From: Stefan Roesch <shr@devkernel.io>
To: David Hildenbrand <david@redhat.com>
Cc: kernel-team@fb.com, linux-mm@kvack.org, riel@surriel.com,
mhocko@suse.com, linux-kselftest@vger.kernel.org,
linux-doc@vger.kernel.org, akpm@linux-foundation.org,
hannes@cmpxchg.org, willy@infradead.org,
Bagas Sanjaya <bagasdotme@gmail.com>
Subject: Re: [PATCH v6 1/3] mm: add new api to enable ksm per process
Date: Wed, 12 Apr 2023 12:55:47 -0700 [thread overview]
Message-ID: <qvqwcz48zxed.fsf@devbig1114.prn1.facebook.com> (raw)
In-Reply-To: <33f18dde-8ff8-5ec6-9bee-3c1900c2bd83@redhat.com>
David Hildenbrand <david@redhat.com> writes:
> On 12.04.23 20:41, David Hildenbrand wrote:
>> [...]
>>> That will work.
>>>> work? IOW, not exporting ksm_add_mm() and not passing a flag to __ksm_enter() --
>>>> it would simply set MMF_VM_MERGEABLE ?
>>>>
>>>
>>> ksm_add_mm() is also used in prctl (kernel/sys.c). Do you want to make a
>>> similar change there?
>> Yes.
>>
>>>>> + *
>>>>> + * @vma: Pointer to vma
>>>>> + */
>>>>> +void ksm_add_vma(struct vm_area_struct *vma)
>>>>> +{
>>>>> + struct mm_struct *mm = vma->vm_mm;
>>>>> +
>>>>> + if (test_bit(MMF_VM_MERGE_ANY, &mm->flags))

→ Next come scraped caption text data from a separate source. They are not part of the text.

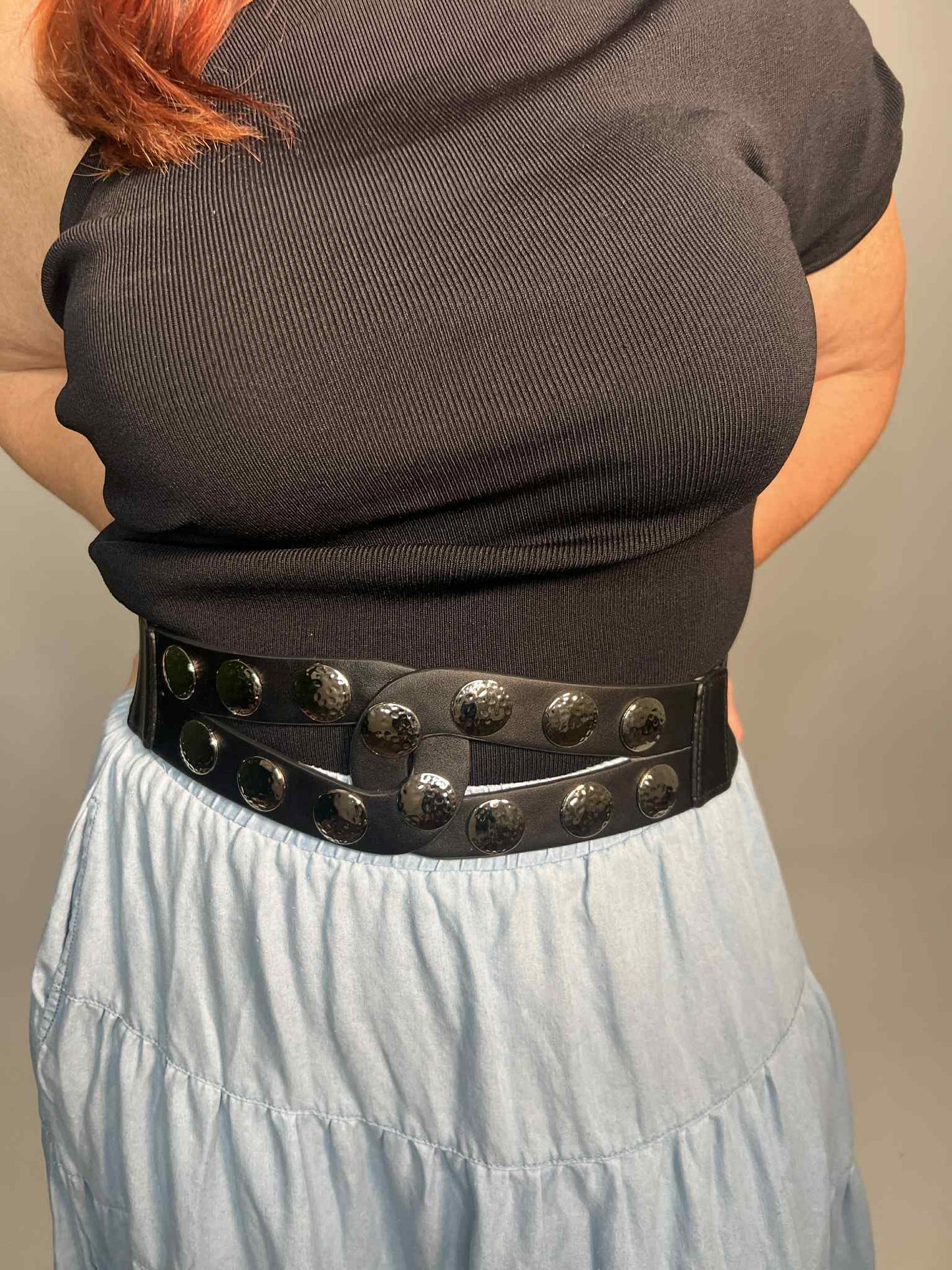 Metal Stud Accent Elastic Corset Belt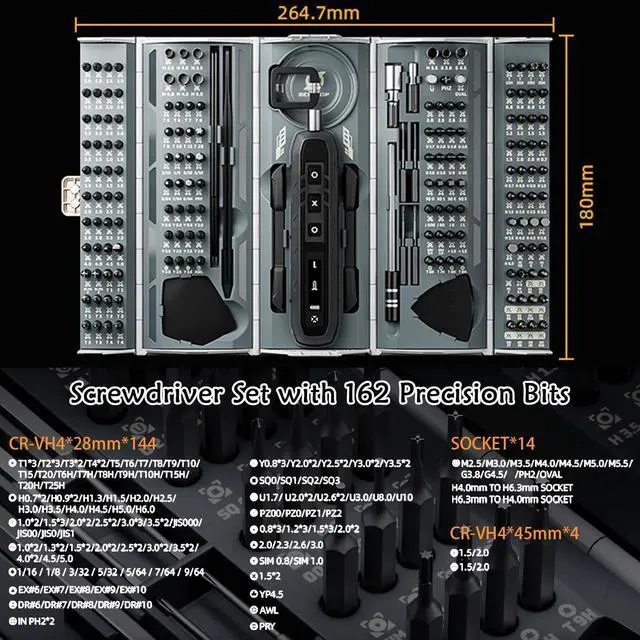 Alt view image 5 of 6 - Electric Screwdriver Set 180 In 1 Electric Precision Screwdriver Set with 160 Magnetic Bits Magnetic Storage Power Screwdriver Repair Tool Kit for Computer Phone Laptop & Electronics Repair
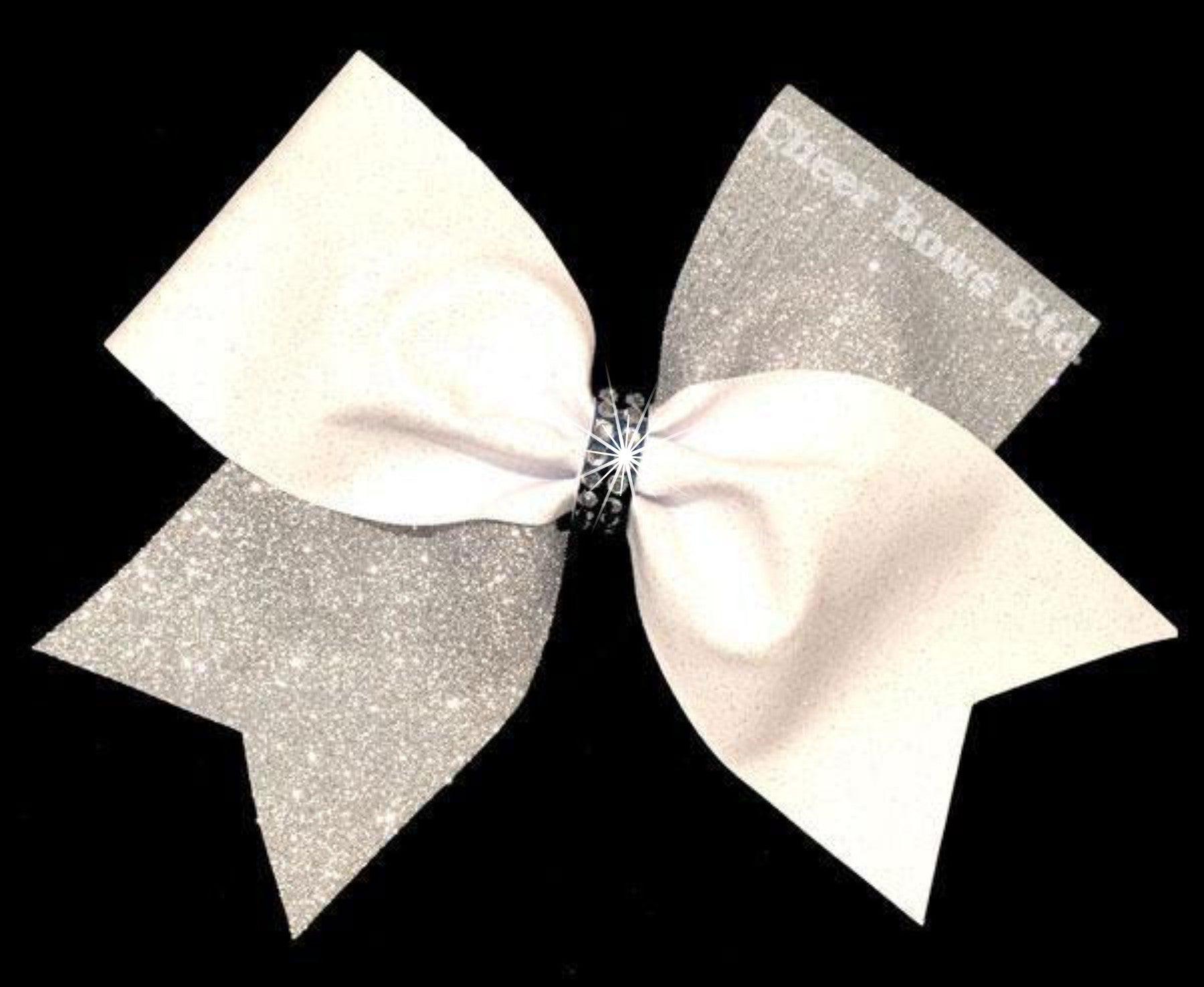 silver and white sparkly cheer bow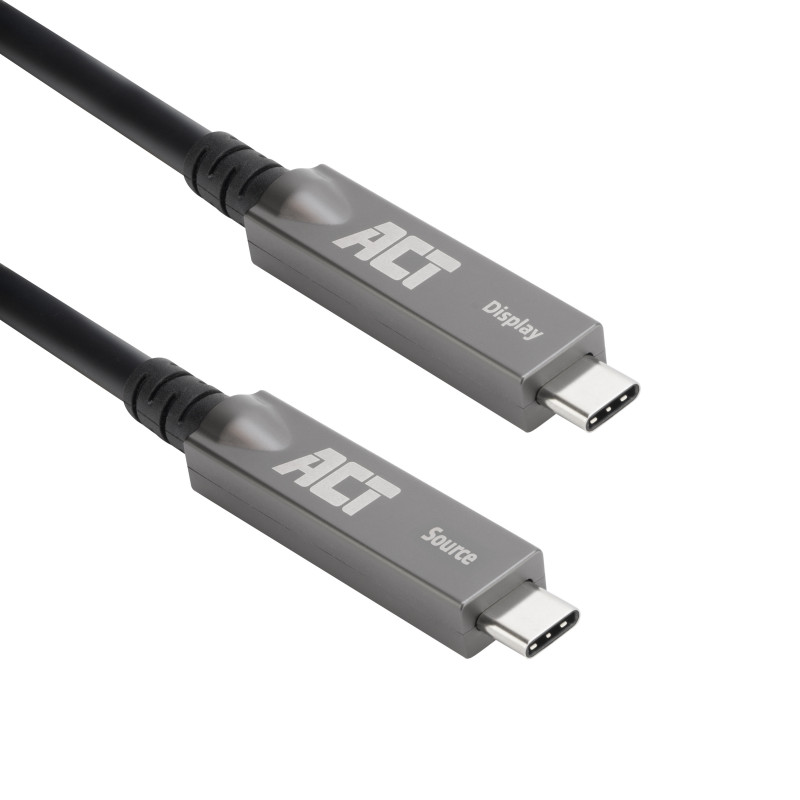 ACT USB-C 3.2 Gen2 aktīvais optiskais kabelis (AOC), paredzēts skārienpaneļiem, video, datiem, barošanai, 15m (AK4335)
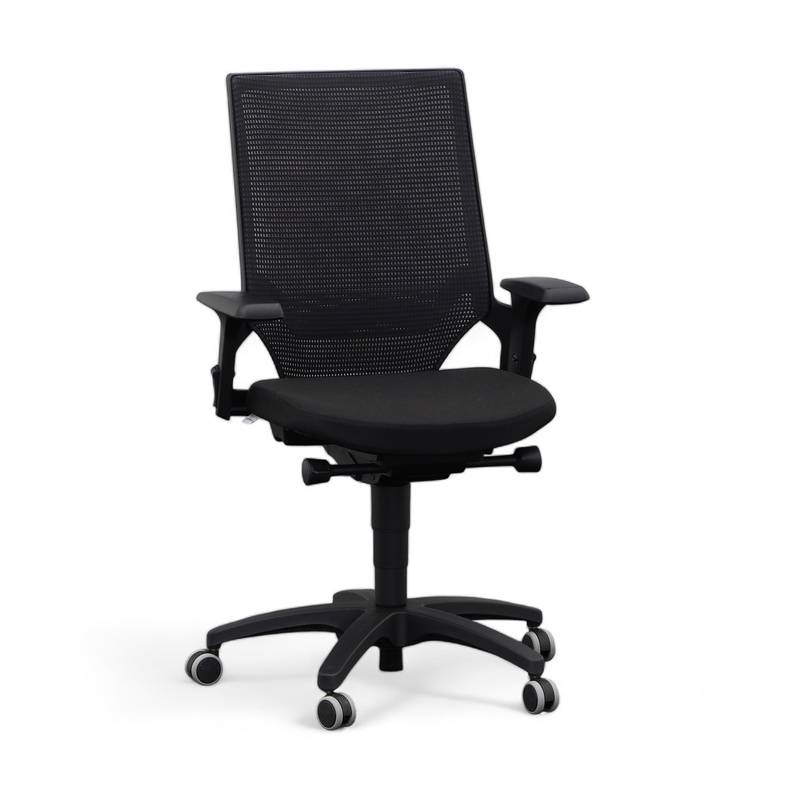 Chairzone Self One Classic office swivel chairs, Black, with 2D armrests, New, Ergonomic chair - ideal for flexible working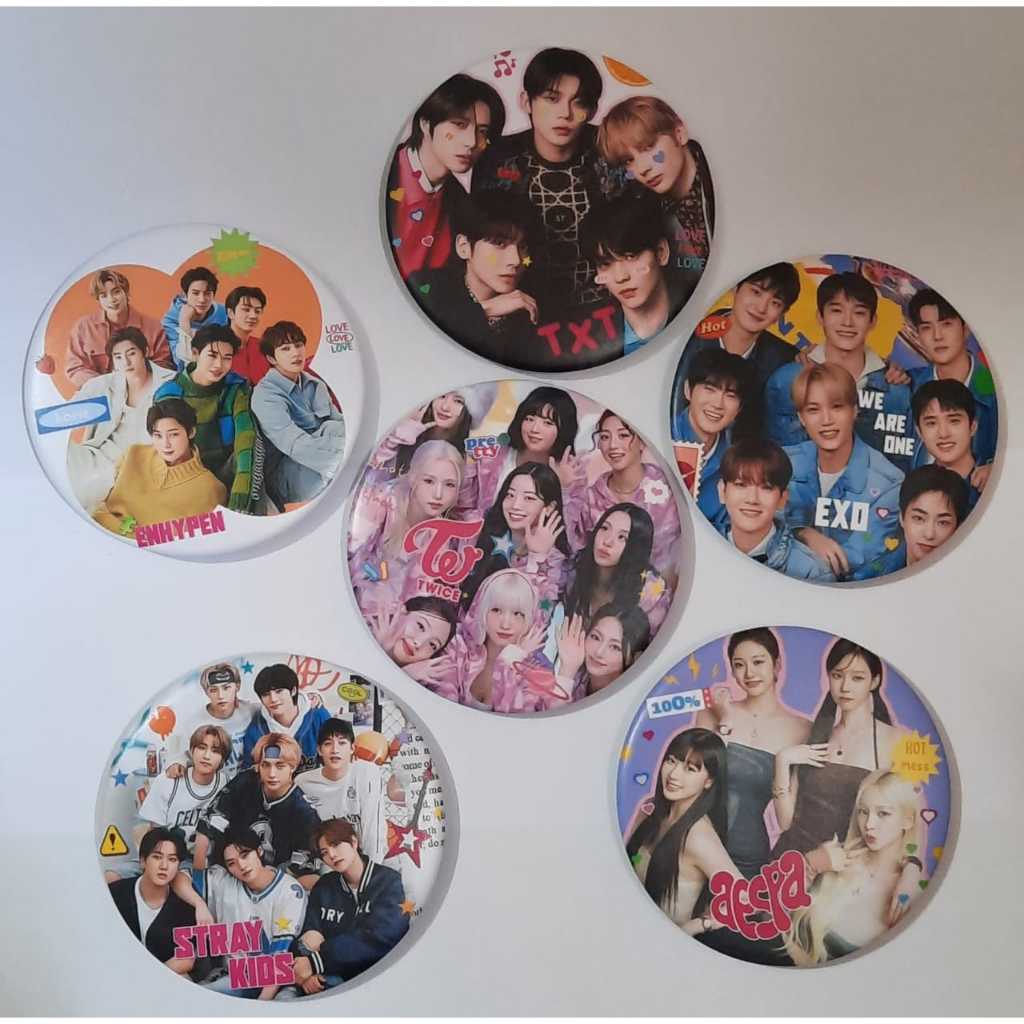 FREEBIES HAND MIRROR CERMIN MINI GROUP KPOP BTS, AESPA, NCT DREAM, NCT 127, NCT WISH, TREASURE, SEVE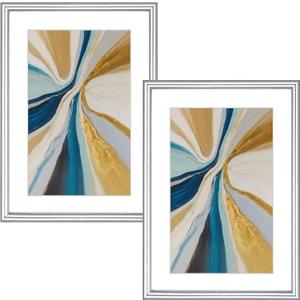 4x6 Picture Frame Set of 2, Silver Brushed Thin Metal Aluminum Photo Frame with HD Glass, Fit 3x5 with Mat or 4 x 6 without Mat, for Table and Wall, 2 Pack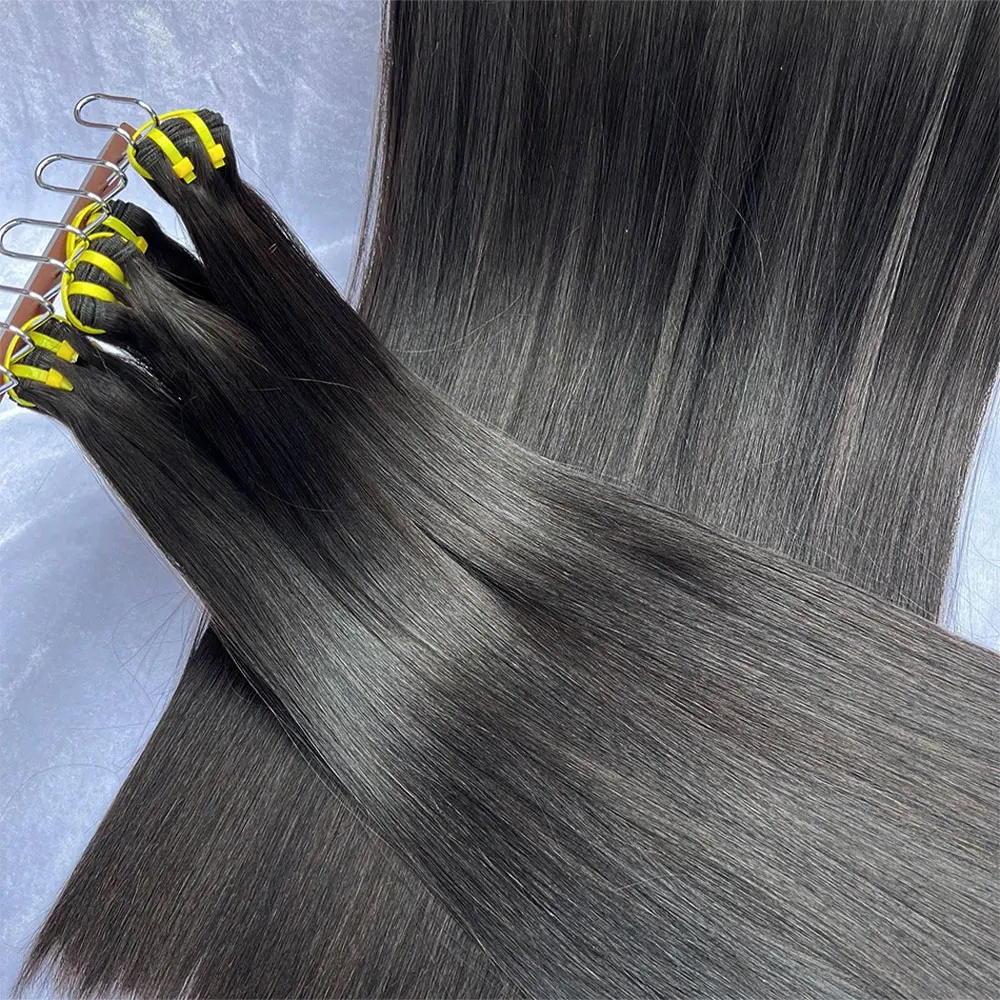 16A Raw Virgin Bone Straight 100% Human Hair Bundles Double Weft Unprocessed Vietnamese Hair Extensions 10-36 inch Natural Black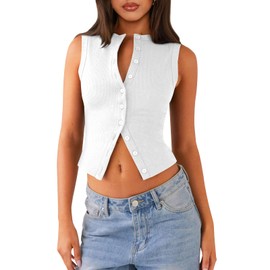 Pungdra Womens Button Down Tank Top Sleeveless Ribbed Fitted Vest Casual Crewneck Trendy Y2K Large White Going Out Crop Knit Vest Top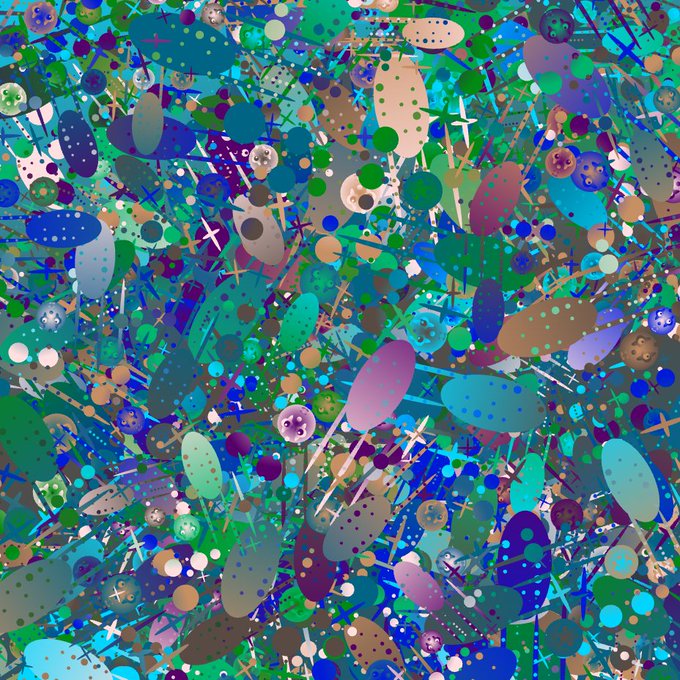 An abstract digital artwork featuring a chaotic, colorful array of dots, shapes, and streaks in predominantly blue, green, and purple hues.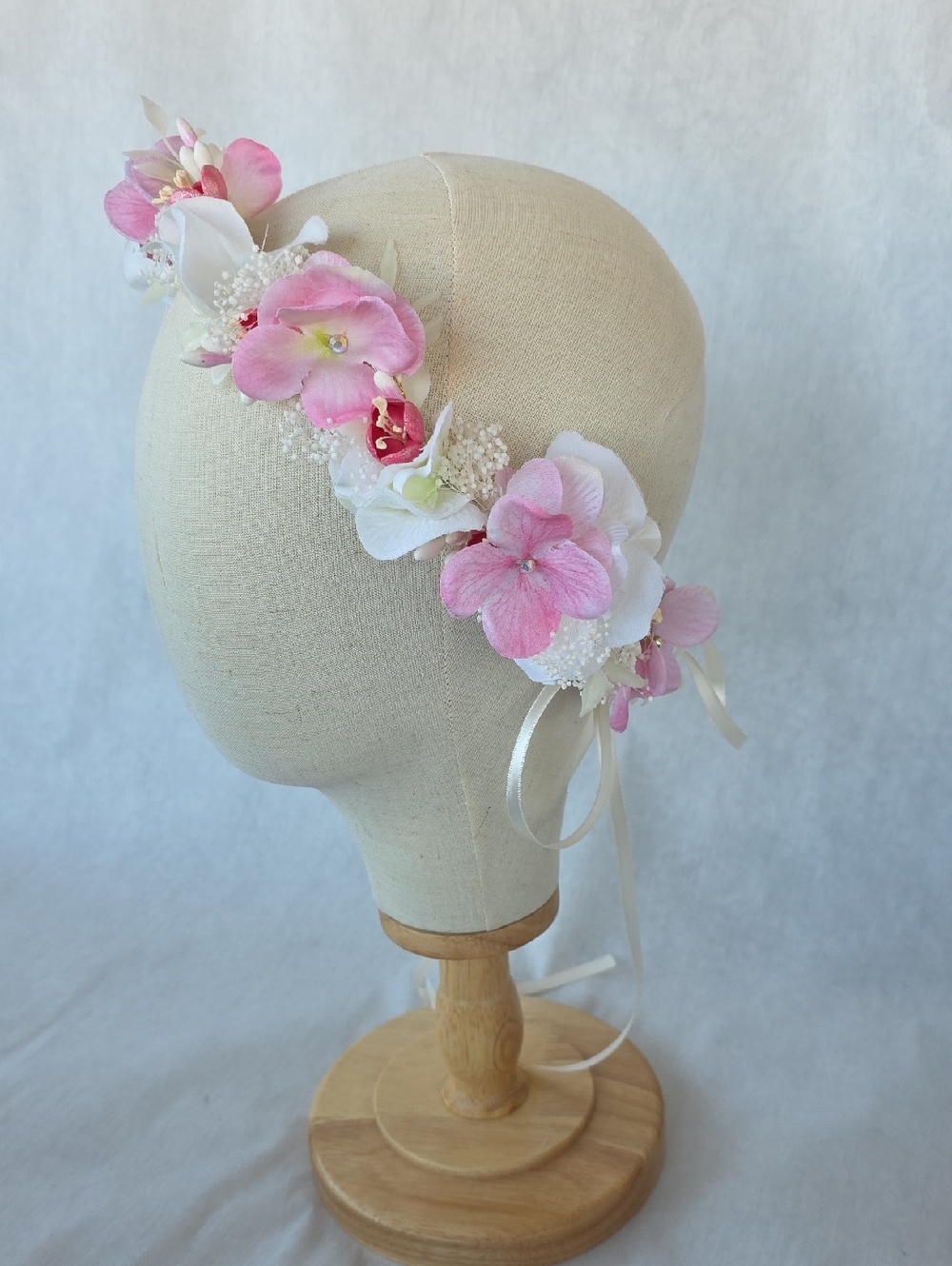 Hand Crafted Pink and White Floral Bridal Headband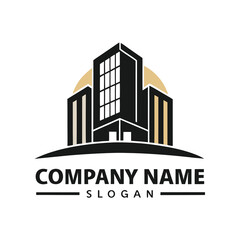 Naklejka premium Modern building logo design
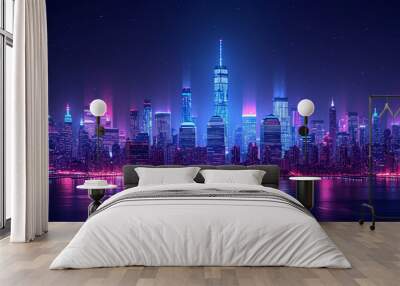 Line art - cityscape - skyline - neon lights - bright lights - water - coastal - bay - inlet - harbor - office buildings - skyscrapers - architecture  Wall mural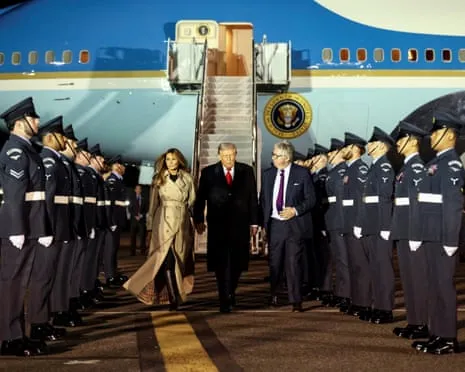 Donald Trump Arrives in UK for Second State Visit Amid Demonstrations Assemble in Windsor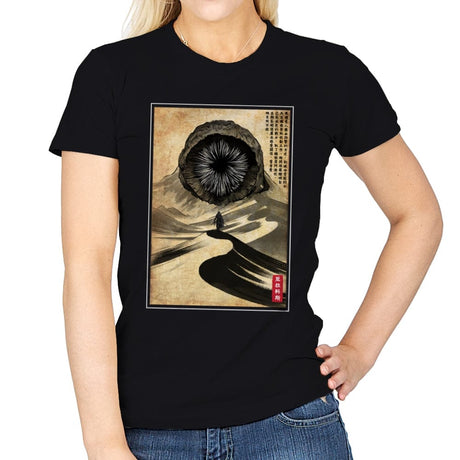 Dune Woodblock - Womens T-Shirts RIPT Apparel Small / Black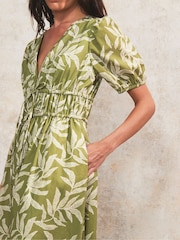 Ro&Zo Green Leaf Print 100% Cotton Tie Detail Dress - Image 4 of 6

>>>>> + __ksm_add_vma(vma);
>>>>> +}
>>>>> +
>>>>> +/**
>>>>> + * ksm_add_vmas - Mark all vma's of a process as mergeable
>>>>> + *
>>>>> + * @mm: Pointer to mm
>>>>> + */
>>>>> +void ksm_add_vmas(struct mm_struct *mm)
>>>>
>>>> I'd suggest calling this
>>>>
>>> I guess you forgot your name suggestion?
>> Yeah, I reconsidered because the first idea I had was not particularly
>> good. Maybe
>> ksm_enable_for_all_vmas()
>> But not so sure. If you think the "add" terminology is a good fit, keep
>> it like that.
>> Thanks for bearing with me :)
>>
>
> I briefly played with your patch to see how much it can be simplified.
> Always enabling ksm (setting MMF_VM_MERGEABLE) before setting
> MMF_VM_MERGE_ANY might simplify things. ksm_enable_merge_any() [or however it should
> be called] and ksm_fork() contain the interesting bits.
>
>
> Feel free to incorporate what you consider valuable (uncompiled,
> untested).
>
I added most of it. The only change is that I kept ksm_add_vmas as a
static function, otherwise I need to define the VMA_ITERATOR at the top
of the function.
>
> diff --git a/arch/s390/mm/gmap.c b/arch/s390/mm/gmap.c
> index 5a716bdcba05..5b2eef31398e 100644
> --- a/arch/s390/mm/gmap.c
> +++ b/arch/s390/mm/gmap.c
> @@ -2591,6 +2591,12 @@ int gmap_mark_unmergeable(void)
> int ret;
> VMA_ITERATOR(vmi, mm, 0);
> + /*
> + * Make sure to disable KSM (if enabled for the whole process or
> + * individual VMAs). Note that nothing currently hinders user space
> + * from re-enabling it.
> + */
> + clear_bit(MMF_VM_MERGE_ANY, &mm->flags);
> for_each_vma(vmi, vma) {
> /* Copy vm_flags to avoid partial modifications in ksm_madvise */
> vm_flags = vma->vm_flags;
> diff --git a/include/linux/ksm.h b/include/linux/ksm.h
> index 7e232ba59b86..c638b034d586 100644
> --- a/include/linux/ksm.h
> +++ b/include/linux/ksm.h
> @@ -18,13 +18,24 @@
> #ifdef CONFIG_KSM
> int ksm_madvise(struct vm_area_struct *vma, unsigned long start,
> unsigned long end, int advice, unsigned long *vm_flags);
> +
> +void ksm_add_vma(struct vm_area_struct *vma);
> +int ksm_enable_merge_any(struct mm_struct *mm);
> +
> int __ksm_enter(struct mm_struct *mm);
> void __ksm_exit(struct mm_struct *mm);
> static inline int ksm_fork(struct mm_struct *mm, struct mm_struct *oldmm)
> {
> - if (test_bit(MMF_VM_MERGEABLE, &oldmm->flags))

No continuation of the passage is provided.